In hearings of this kind, the nature of the defence is inevitably structured by the prosecution. So while it is clearly Miss Smith’s intention to filibuster her way through the case, the defence has to respond with a careful, exact and specifically detailed revision of the local facts. Because the prosecution is based on partial information and a threadbare story, the defence has to bring to light the facts which make the story whole.

They have done this with great dexterity in the first two weeks of the hearing. Defence counsel’s cross examination of the prosecution witnesses brought so far has been exemplary. They proceed quietly and with an erudite commitment to prizing out the truth. What is really exciting to watch is the way that defence counsel shape and place the bricks of their case with such smoothness that even the most professional of witnesses are unlikely to see the denouement.

Most of my experience of law is with criminal cases, where one is rarely dealing with complex arguments. The defendant knows not to say that he carried out the crime while the police have spent hours in the canteen checking their notes to ensure consensus about exactly what time the defendant went for a pee the day before the robbery. In the GMC case, however, the arguments are subtle and the whole craft of cross examination might be observed at its most intricate.

The Prosecution Case

On Tuesday 17 July, after a morning to discuss legal issues, particularly that of the confidential nature of children’s medical records, Miss Smith spent the afternoon giving a broad description of the prosecution case. She began with the words:

‘It boils down to simple allegations against a research project to do with a new syndrome’.

If other members of the public and the press were thinking that this broad description under a number of heads was the opening of the prosecution case, to be followed by witnesses, they were to be sadly disappointed.

On that Tuesday afternoon and for all day on Wednesday, Miss Smith presented almost every detail of the prosecution case. This presentation inevitably made one wonder why the GMC were bothering to call witnesses to the hearing, as Miss Smith appeared to have given much of the evidence herself.

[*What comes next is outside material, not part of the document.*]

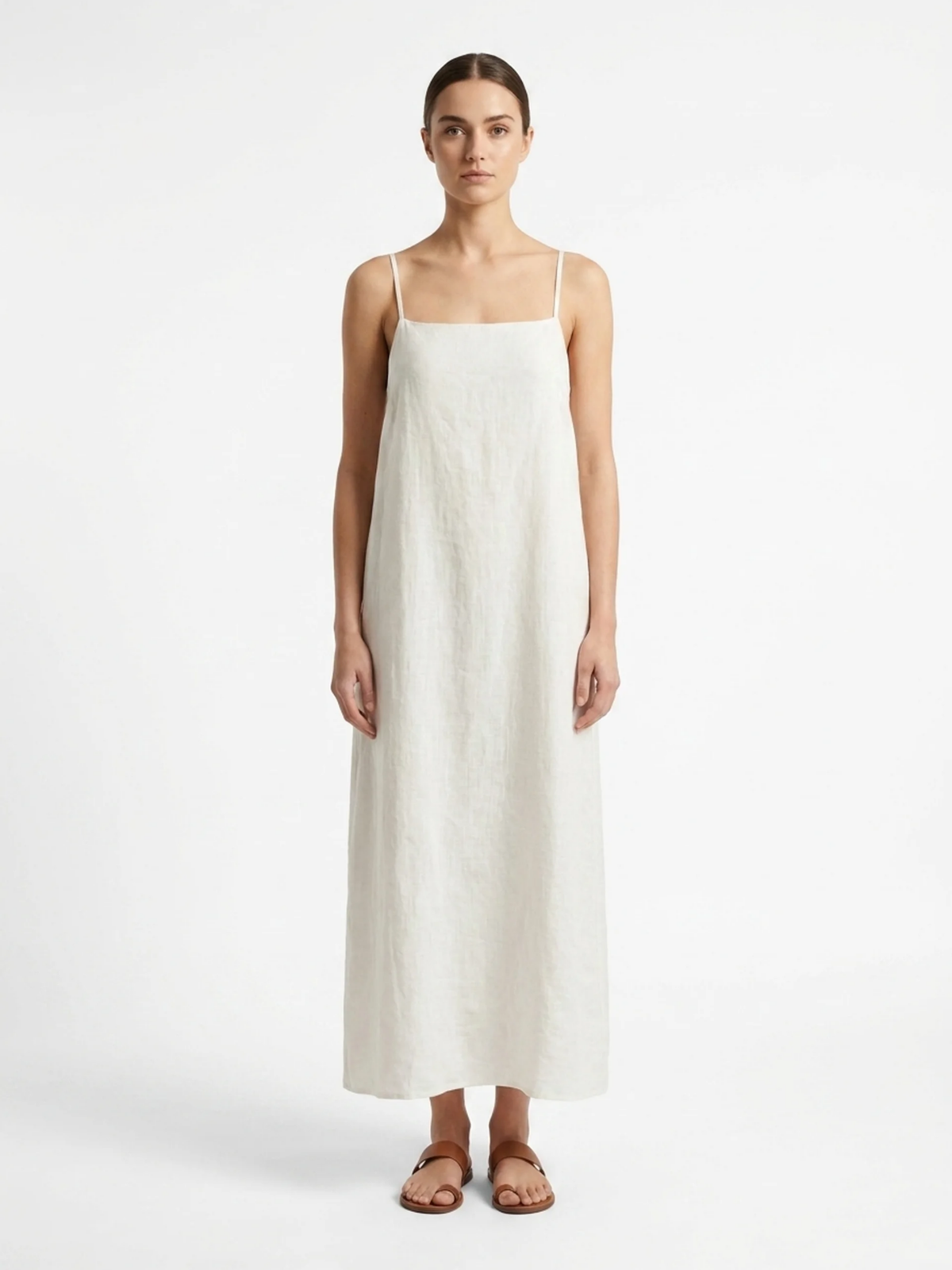 WINDROSE Women's Cotton-Linen Strappy Slip Maxi Dress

At one point on Wednesday afternoon, during an analysis of the route by which the children were introduced to what the prosecution call ‘the research’, a problem associated with this style of presentation obviously occurred to the leading defence council. He stood, to ask why Miss Smith, while appearing to introduce the whole case in detail, had missed out large chunks of the narrative that did not support their case.

The idea of the defence asking the prosecution to include defence material in their opening remarks left me momentarily bewildered. And in fact Miss Smith slid easily from beneath the guillotine, explaining that it was not up to her to introduce facts which helped the defence case. The defence, she said, would have ample opportunity to bring these matters to the attention of the panel, during cross examination or during the presentation of the defence case.

When, defence council must have been thinking, would it be possible to correct this view that children had arrived at the ‘research’ in an unorthodox and unethical manner. If each child’s circumstances was not to be specifically presented as evidence, how was the defence to give a detailed map of each child’s route to the research?

In fact, although each child’s route to the Lancet case series is vital to the prosecution case, the children and parents have been left out of the hearing, obviously because they are all sympathetic to the defendants and furious about their prosecution. It is rather as if in a case of serious assault at the Old Bailey, the prosecution fail to bring the victim to give evidence because he insists that he was never assaulted.

When viewed from the perspective of the parents and children, the GMC hearing brings up other serious questions besides such things as research regulation and the power of pharmaceutical lobby groups. The hearing throws into our vision, the whole question of the individual’s right to choose medical interventions and the doctor and research workers’ right of freedom to prescribe and research in areas where policy is guided by corporations or governments.